Your task:
All the entries, exactly as they read, must be written out again.

Short web captions
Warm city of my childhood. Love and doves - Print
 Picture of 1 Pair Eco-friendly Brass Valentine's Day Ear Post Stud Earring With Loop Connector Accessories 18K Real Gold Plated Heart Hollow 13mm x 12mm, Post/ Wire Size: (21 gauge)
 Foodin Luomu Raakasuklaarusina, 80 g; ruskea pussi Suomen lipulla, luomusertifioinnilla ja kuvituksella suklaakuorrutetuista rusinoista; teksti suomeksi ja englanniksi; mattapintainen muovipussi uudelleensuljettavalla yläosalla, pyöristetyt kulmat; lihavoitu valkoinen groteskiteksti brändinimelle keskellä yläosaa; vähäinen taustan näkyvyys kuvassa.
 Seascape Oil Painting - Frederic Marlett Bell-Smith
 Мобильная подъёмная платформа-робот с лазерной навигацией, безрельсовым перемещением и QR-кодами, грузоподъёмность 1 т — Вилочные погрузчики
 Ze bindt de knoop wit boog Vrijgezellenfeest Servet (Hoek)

Exercise result:
Warm city of my childhood. Love and doves - Print
 Picture of 1 Pair Eco-friendly Brass Valentine's Day Ear Post Stud Earring With Loop Connector Accessories 18K Real Gold Plated Heart Hollow 13mm x 12mm, Post/ Wire Size: (21 gauge)
 Foodin Luomu Raakasuklaarusina, 80 g; ruskea pussi Suomen lipulla, luomusertifioinnilla ja kuvituksella suklaakuorrutetuista rusinoista; teksti suomeksi ja englanniksi; mattapintainen muovipussi uudelleensuljettavalla yläosalla, pyöristetyt kulmat; lihavoitu valkoinen groteskiteksti brändinimelle keskellä yläosaa; vähäinen taustan näkyvyys kuvassa.
 Seascape Oil Painting - Frederic Marlett Bell-Smith
 Мобильная подъёмная платформа-робот с лазерной навигацией, безрельсовым перемещением и QR-кодами, грузоподъёмность 1 т — Вилочные погрузчики
 Ze bindt de knoop wit boog Vrijgezellenfeest Servet (Hoek)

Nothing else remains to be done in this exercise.